Ribadisco, in sintesi, perché l'innovazione è poco ragionevole. La confisca di prevenzione cosiddetta allargata, che può avere ad oggetto l'intero patrimonio, è stata introdotta nel 1982 riguardo agli indiziati di appartenenza alla criminalità organizzata di stampo mafioso, sulla base di un presupposto empiricamente avvalorato dalle conoscenze criminologiche: che il mafioso sia un soggetto che accomuna patrimoni grazie a una attività illecita ripetuta e protratta nel tempo. Da qui la presunzione legislativa che le ricchezze acquisite, salva prova contraria, siano frutto di pregresse e reiterate condotte delittuose. 

Una presunzione analoga non risulta, invece, altrettanto ragionevole (con la possibilità, dunque, di essere sindacata dalla Corte Costituzionale) nel caso di chi sia indiziato di aver commesso, ad esempio, un solo piccolo peculato o anche una sola corruzione: la persona a cui capita di commettere un reato contro la pubblica amministrazione non è infatti, perciò stesso, un soggetto professionalmente o abitualmente dedito a compiere reati dello stesso tipo.
Per superare una simile incongruenza, gli attuali relatori al Senato Lumia e Pagliari hanno ritenuto di far proprio un suggerimento del Procuratore nazionale antimafia, consistente nell'aggiungere che il soggetto in questione debba altresì essere indiziato di far parte di un'associazione per delinquere, anche cosiddetta semplice (art. 416 C.P.). Con tutto il rispetto per il Procuratore Franco Roberti, questa modifica aggiuntiva non mi pare idonea a risolvere il problema. Nella logica della confisca allargata, decisivo non è infatti che il singolo reato contro la pubblica amministrazione sia oggetto del programma criminoso di un'associazione: ma, piuttosto, è determinante la presenza di riscontri circa la continuità o la professionalità dell'attività illecita, elementi questi che possono anche prescindere dal fatto che il soggetto sia o meno indiziato di appartenere ad un sodalizio criminale.

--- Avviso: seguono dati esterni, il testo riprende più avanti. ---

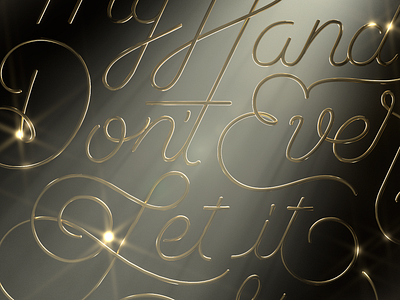 Snippet 3d 3d art 3dillustration 3dlettering 3dmodelling cgi customtype gold illustration lettering letters light render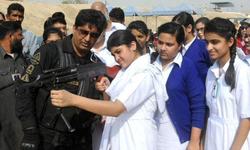 How to defuse a bomb, and other security training for Pakistani students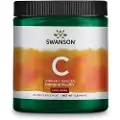 Swanson Health C-vitaminpulver, 100% rent - 454g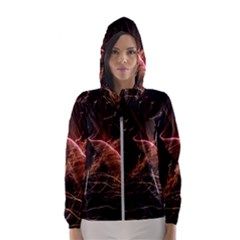 Light Night Dark Sparkler Firework Darkness Bonfire Celebrate Thanksgiving Screenshot Special Effect Women s Hooded Windbreaker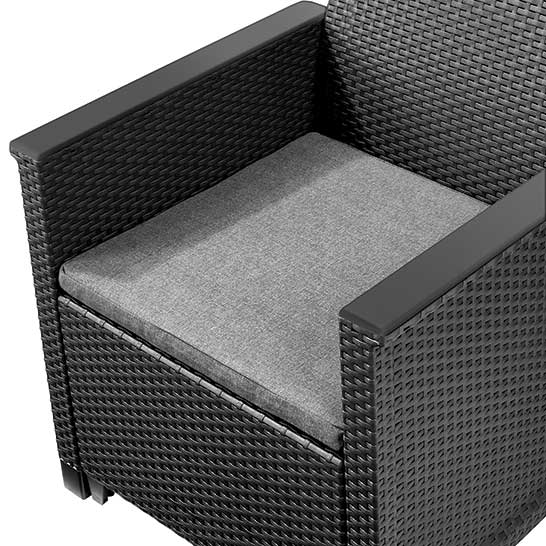 Baštenska garnitura Elodie Graphite Box 254094 - pogled 4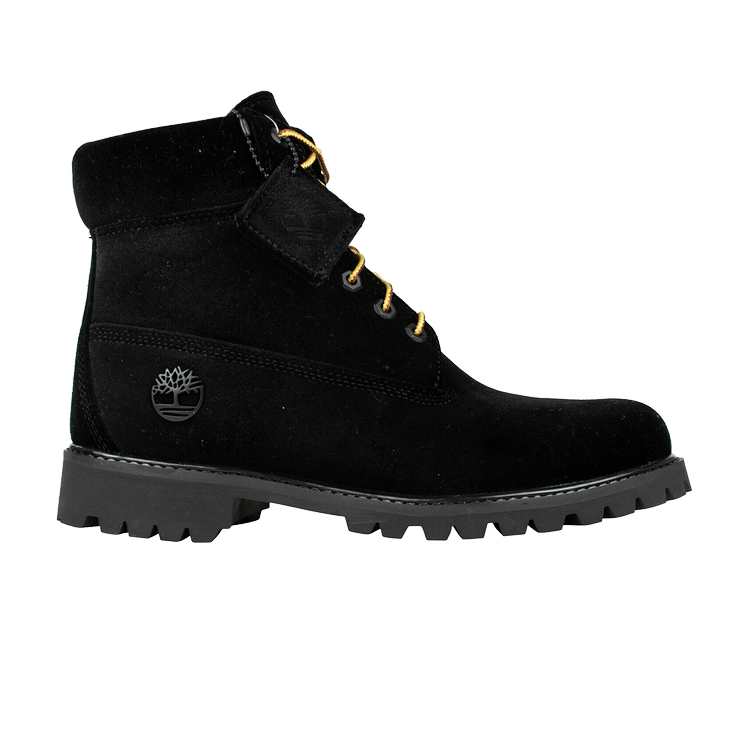 Timberland 6" Boot x OFF WHITE Velvet Black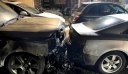 Αγία Παρασκευή: Φωτιά σε σταθμευμένα ΙΧ μπροστά από αντιπροσωπεία αυτοκινήτων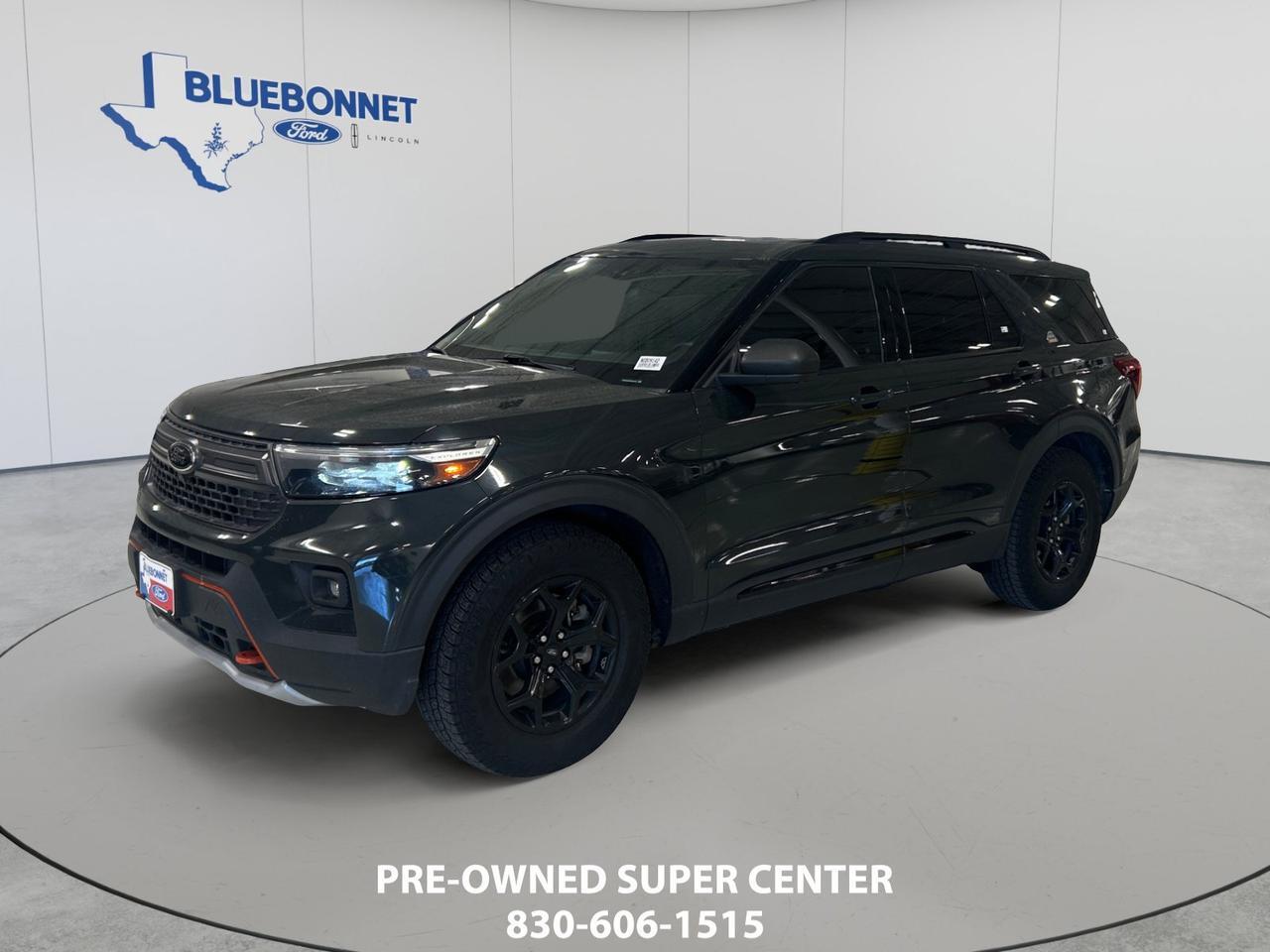 2022 Ford Explorer Timberline New Braunfels TX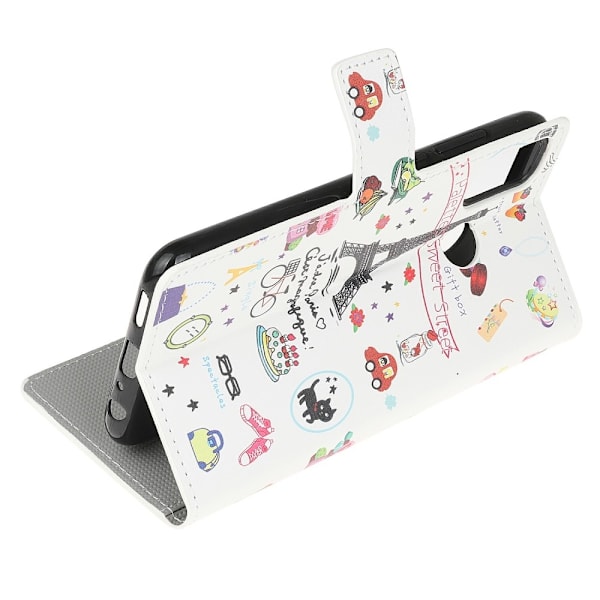 Motorola Moto G10/G20/G30 - Fodral Med Tryck - Eiffeltornet Eiffeltornet Eiffeltornet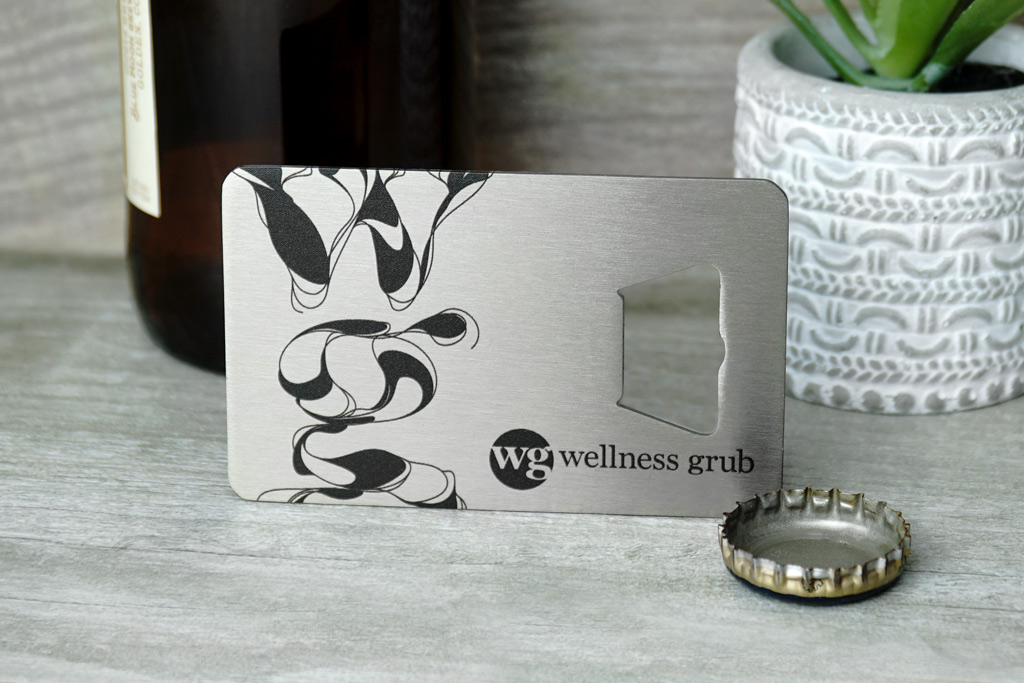 Quick Metal Bottle Opener Cards 4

Tutto ciò premesso, auspicherei - almeno allo stato attuale - un atto di sopravvenuto pentimento parlamentare, con conseguente blocco della riforma. Tanto più che, nonostante la stragrande maggioranze dei cittadini lo ignori, la confisca antimafia può già in base al diritto vigente (a partire dai pacchetti sicurezza del 2008 e del 2009) essere applicata a tutti i soggetti indiziati di essere «abitualmente dediti ad attività delittuose», quale che sia l’attività criminosa che viene in rilievo e, dunque, anche un comportamento delittuoso abituale contro la pubblica amministrazione.

Il diritto vigente, per quanto paradossale possa sembrare, è quindi comparativamente più intelligente e ragionevole rispetto alla novità in discussione: novità che, evidentemente, i fautori della riforma vorrebbero introdurre proprio per consentire il sequestro e la confisca dell’intero patrimonio prescindendo dall’accertamento di una abitualità nell’illecito, ma in presenza appunto anche di un solo reato contro la pubblica amministrazione.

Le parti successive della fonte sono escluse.